La rivoluzione sarà quello che potrà essere: banale considerazione codesta, poiché le forze operanti al lume di un Idea hanno nelle rivoluzioni un ruolo considerevole, e tanto più quelle forze potenzieranno la propria influenza, quanto più avranno chiara visione di fini e di mezzi.

Il fenomeno fascista deve farci persuasi che è necessario non illuderci eccessivamente sulla forza di combattività rivoluzionaria delle masse e dei partiti e dei movimenti di avanguardia, che rimarrà immanente il pericolo di un ricorso reazionario, ma il fenomeno fascista è là a dimostrare che soltanto colpendo a morte la plutocrazia, soltanto riformando profondamente l’ossatura ed il funzionamento dell’amministrazione, soltanto creando delle oasi fortificate di produzioni comuniste è possibile compiere una rivoluzione che garantisca realmente e durevolmente libertà e giustizia.
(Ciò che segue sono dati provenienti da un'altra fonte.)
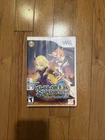 Tales of Symphonia Dawn of the New World Nintendo Wii Complete CIB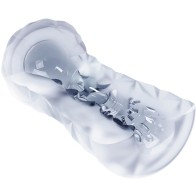 Pretty Love Fantasy Spiral Internal Male Masturbator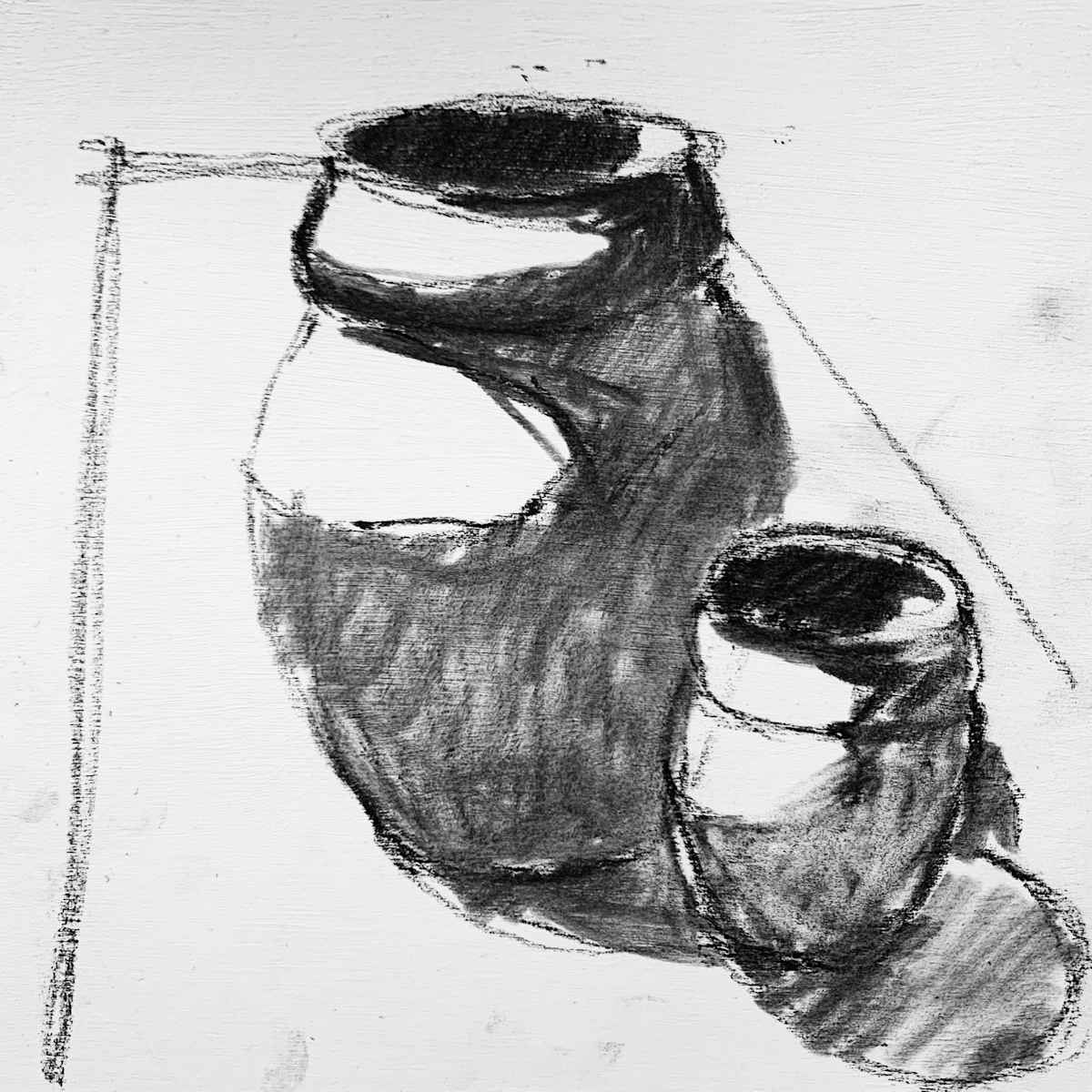 Gathering Buoyancy by Rufo Art, Image 1.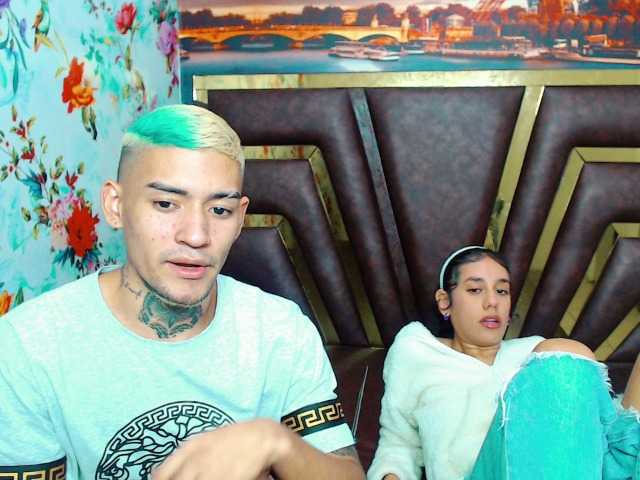 Емитувани слики од екранот mafiahot69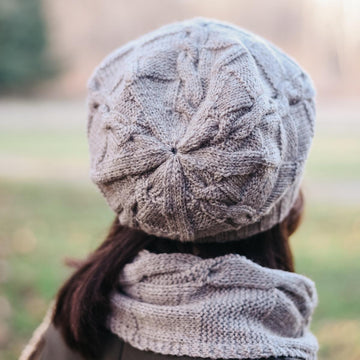 Crooked Trail Cap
Una restaurazione dell’equivoco liberalismo unitario, una democrazia risolventesi in riformismo legalitario, una repubblica di lavoratori quale è intravista dagli esponenti della Concentrazione è una semplice facciata di cartone dipinto, destinata alle fiamme di una controrivoluzione borghese o di una rivoluzione bolscevica, destinata anch’essa a fallire.

(in L’Adunata dei Refrattari, anno IX, n. 32 del 6/9/1930)

NOTE DEL CURATORE

[1] Ricciotti Garibaldi, nipote di Giuseppe Garibaldi, fascista dissidente poi divenuto agente segreto dello stesso regime; nel ’25 ideatore di una falsa spedizione armata contro il regime, che in realtà era una trappola in cui caddero anche alcuni anarchici esiliati in Francia.

[2] Federzoni Luigi, capo del nazionalismo italiano prima del fascismo, artefice della fusione con il PNF, ministro di Mussolini e Presidente del Senato durante il ventennio, condannato all’ergastolo dopo la liberazione ma amnistiato nel 1947.

[3] Nitti Francesco Saverio politico “democratico”, Presidente del Consiglio durante il biennio rosso ‘19-’20, creatore delle famigerate Guardie Regie, esule anti-fascista in Francia.

[4] Carlo Bazzi, massone, amico di Mussolini fascista dissidente e fuoriuscito in Francia dopo il 1924.

[5] Fernando De Rosa, giovane antifascista, in contatto sia con il Partito Socialista, che con Giustizia e Libertà. Nel ’29 attentò senza riuscirci al Principe ereditario Umberto di Savoia. L’attentato fu condannato dal PCI.

[6] Concentrazione Antifascista, coalizione di antifascisti in esilio, si costituì a Parigi, il 28 marzo 1927 tra il PRI, il PSI, il PSULI (socialisti riformisti), la Lega Italiana dei Diritti dell’Uomo e l’ufficio estero della CGIL di Bruno Buozzi. Tra il 1931 ed il 1934 vi aderì anche Giustizia e Libertà. Nel ’34 la Concentrazione si sciolse per contrasti interni.